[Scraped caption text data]
Start of Block

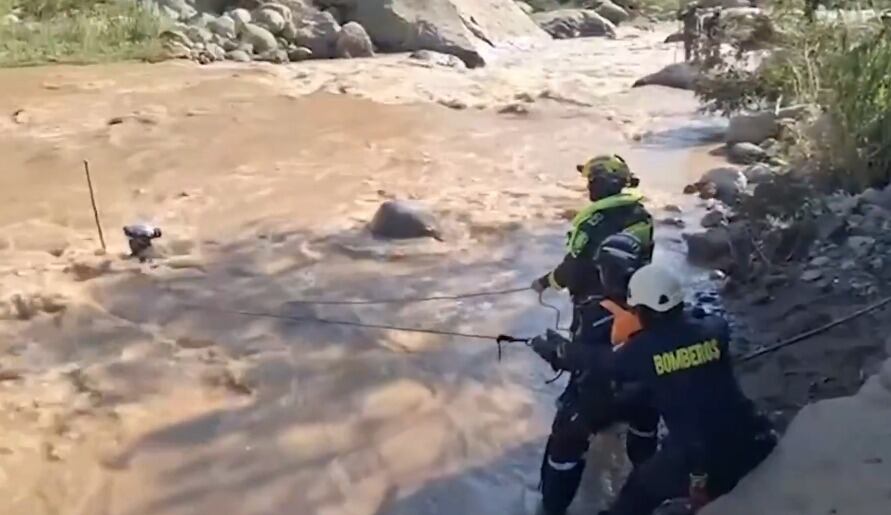 El hallazgo en la zona ribereña del río Panches se produjo alrededor de las 2:30 p.m.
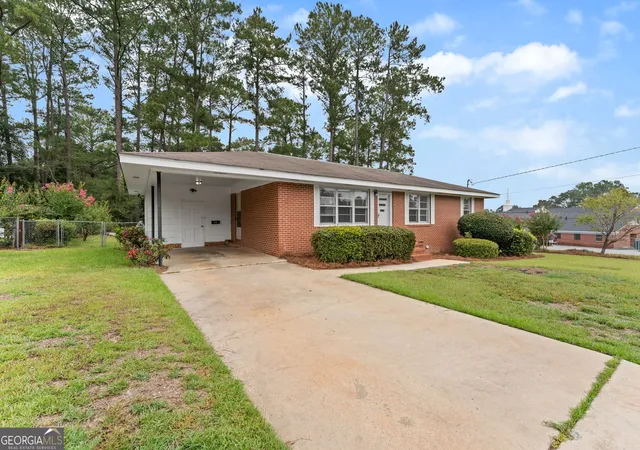 Photo 2 of Single family home for sale at 116 Watson St # 713, Hawkinsville, GA 31036 | MLS# 10847813 | Listing updated on 2026-09-24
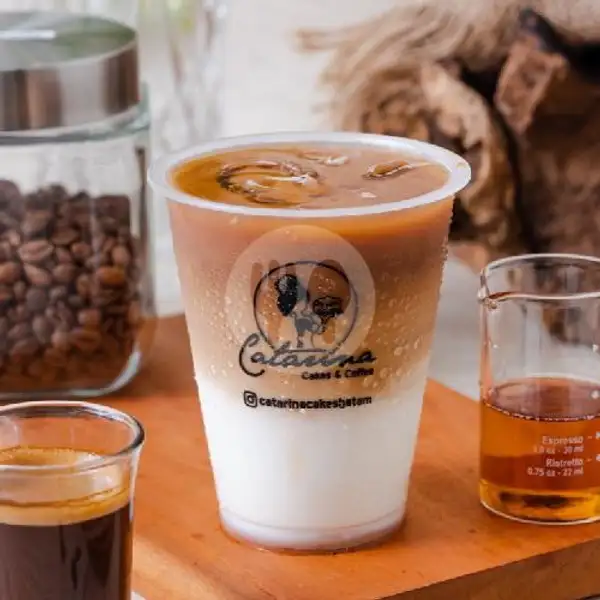 Caramel Latte (Cold) | Catarina Cakes & Coffee, Batam Kota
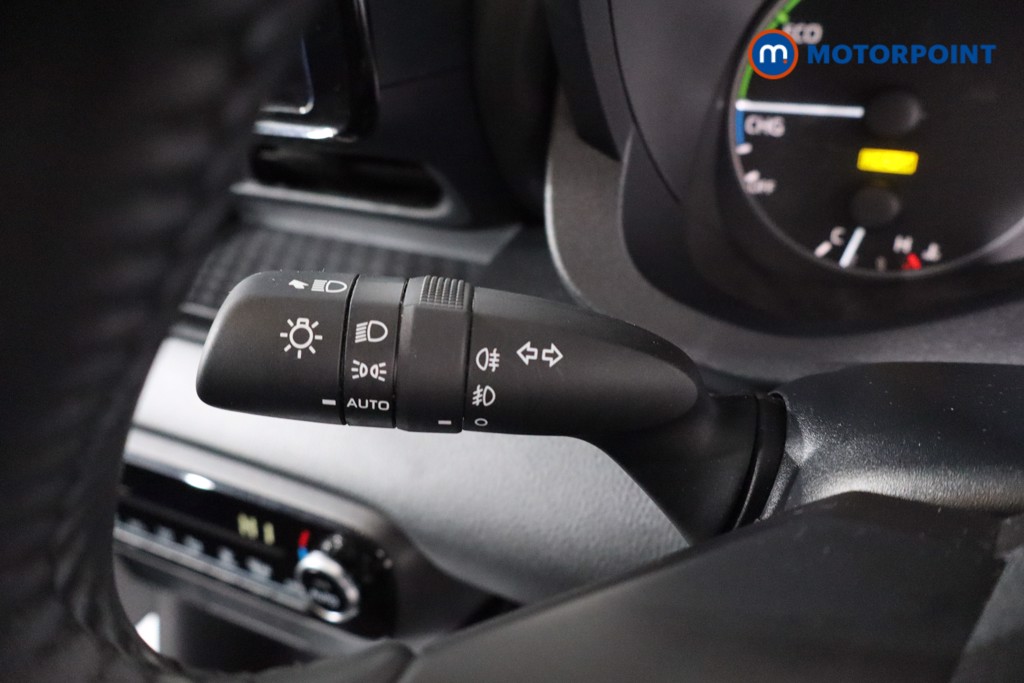 Toyota Yaris Icon Automatic Petrol-Electric Hybrid Hatchback - Stock Number (1621244) - 14th supplementary image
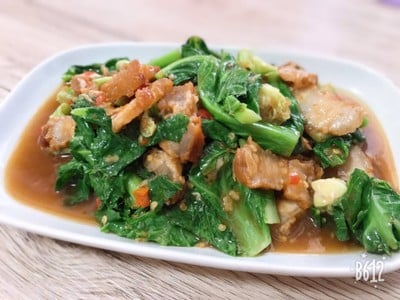 ผัดแขนงหมูกรอบ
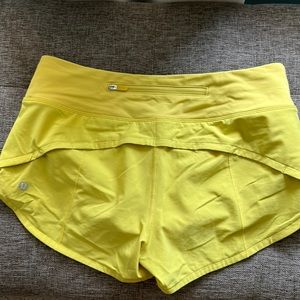 Yellow Lululemon Speed up Shorts, size 4, 2.5”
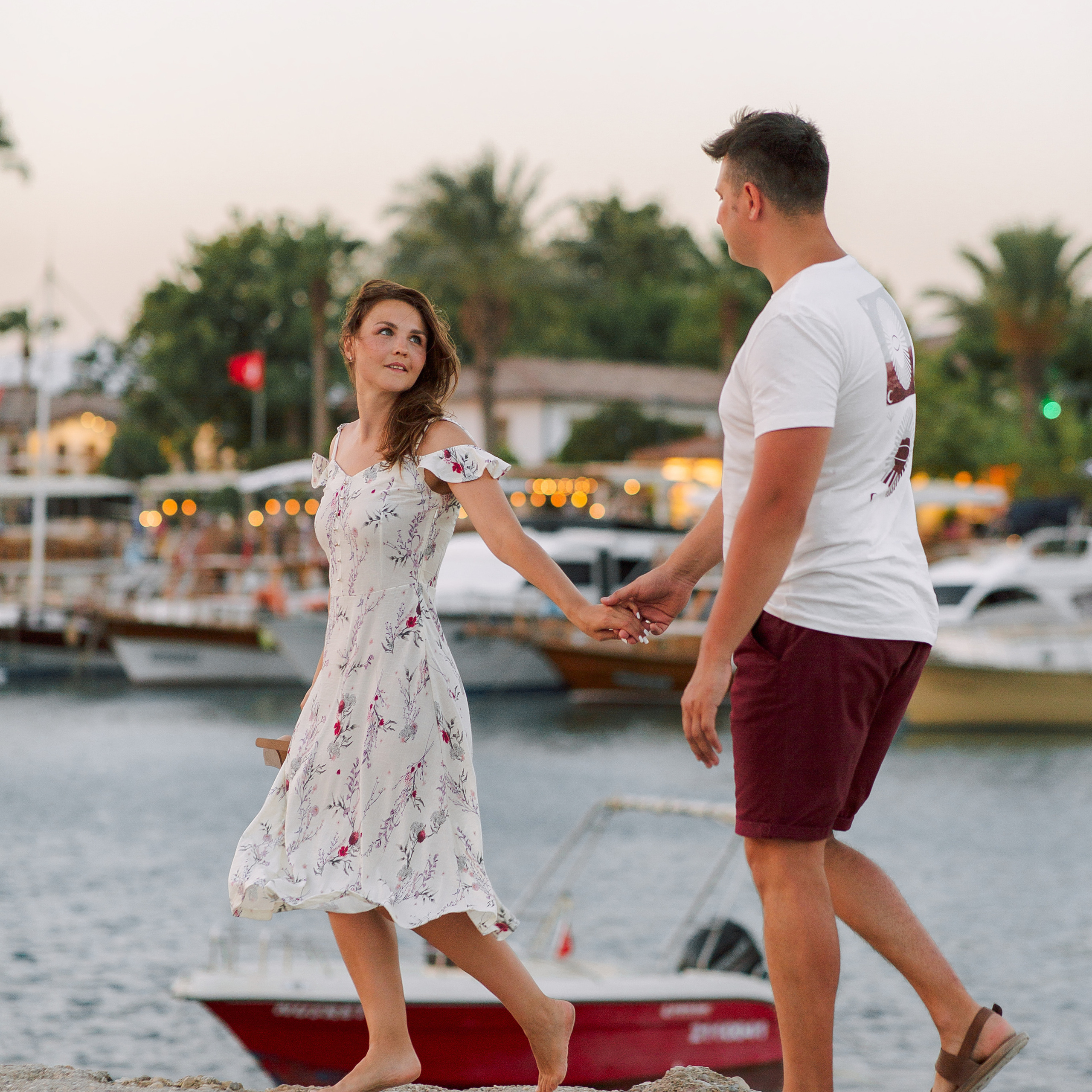 Парная фотосессия в античном городе Сиде на закате. Алсу Девели. Фотограф в Алании в Турции, Аланья, Сиде, Белек, Анталия, Кемер, Конаклы, Окурджалар. Фотосъемки в Алании. Фотосессия в Алания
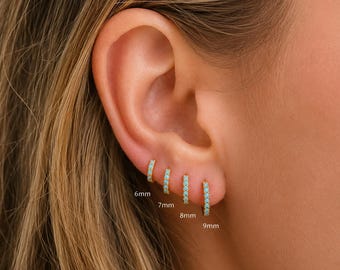 Turkosa Huggie Hoop Örhängen, Guldfärgade Mini Broskörhängen, 6 mm 7 mm 8 mm 9 mm Små Ringar för Flera Piercingar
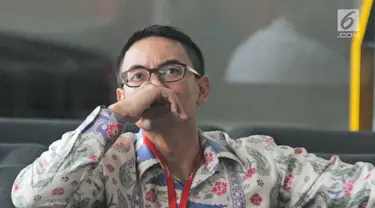 Gubernur Jambi Zumi Zola menunggu di ruang tunggu sebelum menjalani pemeriksaan di Gedung KPK, Jakarta, Kamis (15/2). Zumi diperiksa perdana sebagai tersangka terkait dugaan gratifikasi dari sejumlah proyek di Provinsi Jambi (Liputan6.com/Herman Zakharia)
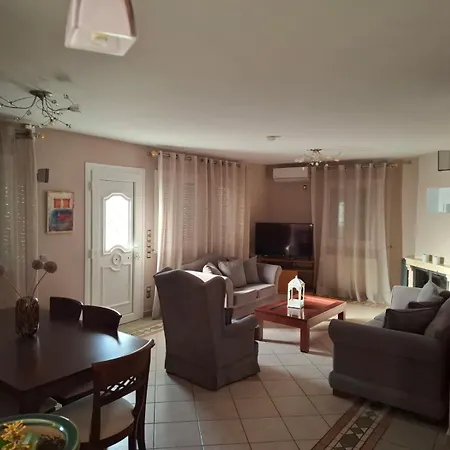 펜션 Mesoloras Valley View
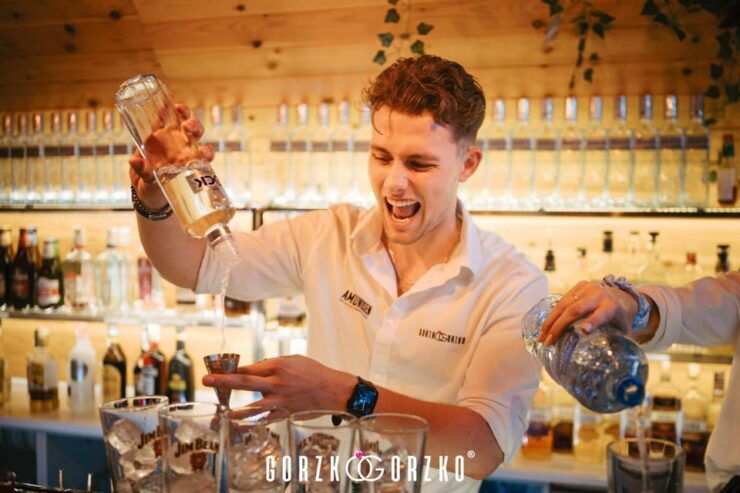Kraków: Polish Wedding Party With Welcome Drink - Key Points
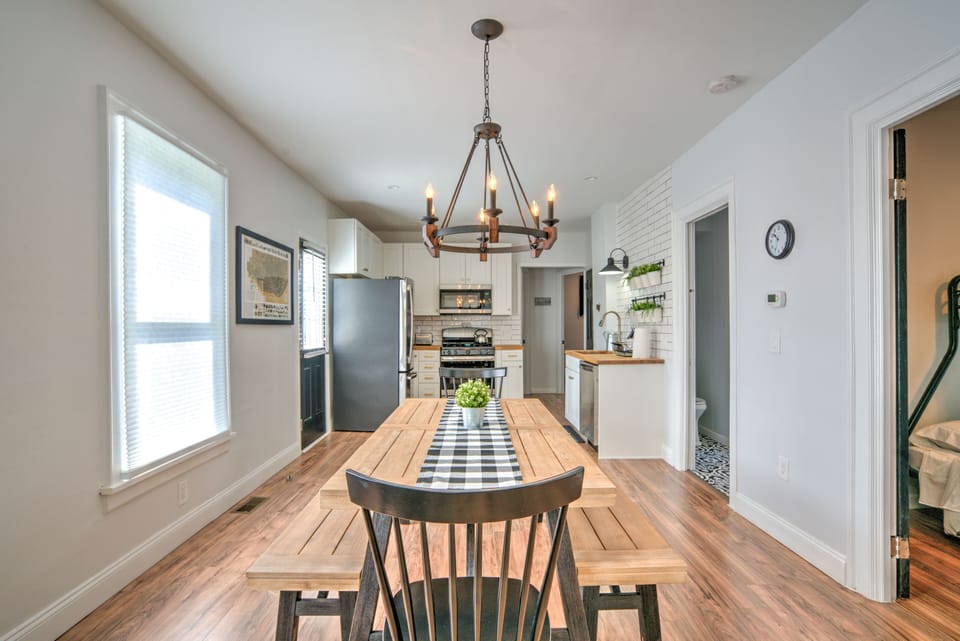 Lower Unit Dining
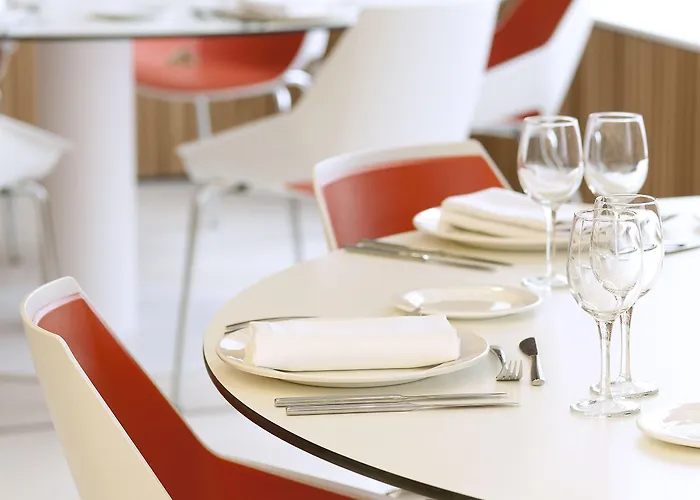 Hotel Barcelo Sants 4*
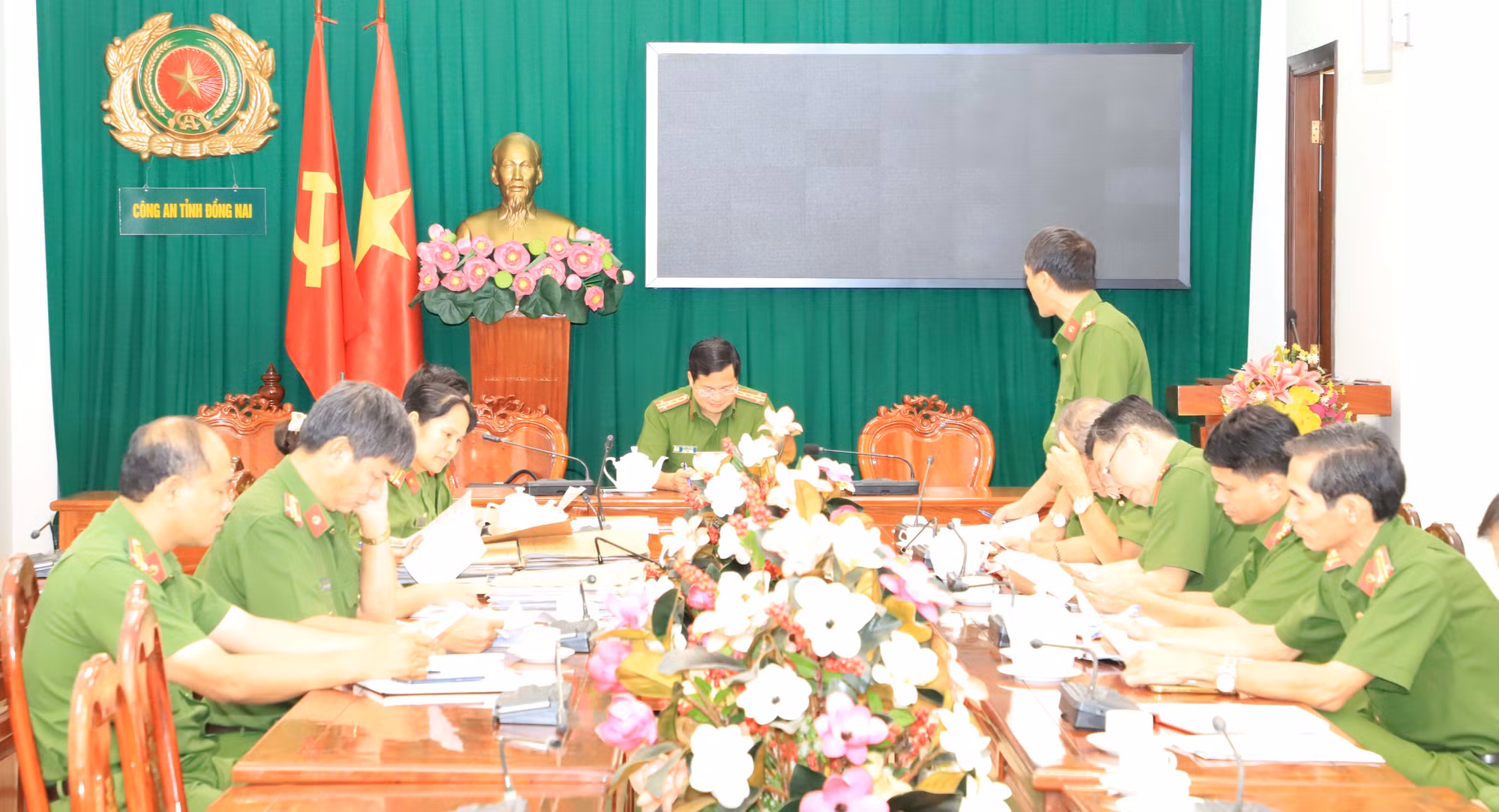 Đề nghị xét giảm án, tha tù trước thời hạn cho 10 phạm nhân dịp Tết -0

End of Block

# [Requirement]
Please print an exact copy of the records, with no pictures.

# [Answer to the exercise]
 El hallazgo en la zona ribereña del río Panches se produjo alrededor de las 2:30 p.m.
 Photo 2 of Single family home for sale at 116 Watson St # 713, Hawkinsville, GA 31036 | MLS# 10847813 | Listing updated on 2026-09-24
 Caramel Latte (Cold) | Catarina Cakes & Coffee, Batam Kota
 Toyota Yaris Icon Automatic Petrol-Electric Hybrid Hatchback - Stock Number (1621244) - 14th supplementary image
 ผัดแขนงหมูกรอบ
 Yellow Lululemon Speed up Shorts, size 4, 2.5”
 Парная фотосессия в античном городе Сиде на закате. Алсу Девели. Фотограф в Алании в Турции, Аланья, Сиде, Белек, Анталия, Кемер, Конаклы, Окурджалар. Фотосъемки в Алании. Фотосессия в Алания
 Turkosa Huggie Hoop Örhängen, Guldfärgade Mini Broskörhängen, 6 mm 7 mm 8 mm 9 mm Små Ringar för Flera Piercingar
 Gubernur Jambi Zumi Zola menunggu di ruang tunggu sebelum menjalani pemeriksaan di Gedung KPK, Jakarta, Kamis (15/2). Zumi diperiksa perdana sebagai tersangka terkait dugaan gratifikasi dari sejumlah proyek di Provinsi Jambi (Liputan6.com/Herman Zakharia)
 펜션 Mesoloras Valley View
Kraków: Polish Wedding Party With Welcome Drink - Key Points
 Lower Unit Dining
 Hotel Barcelo Sants 4*
 Đề nghị xét giảm án, tha tù trước thời hạn cho 10 phạm nhân dịp Tết -0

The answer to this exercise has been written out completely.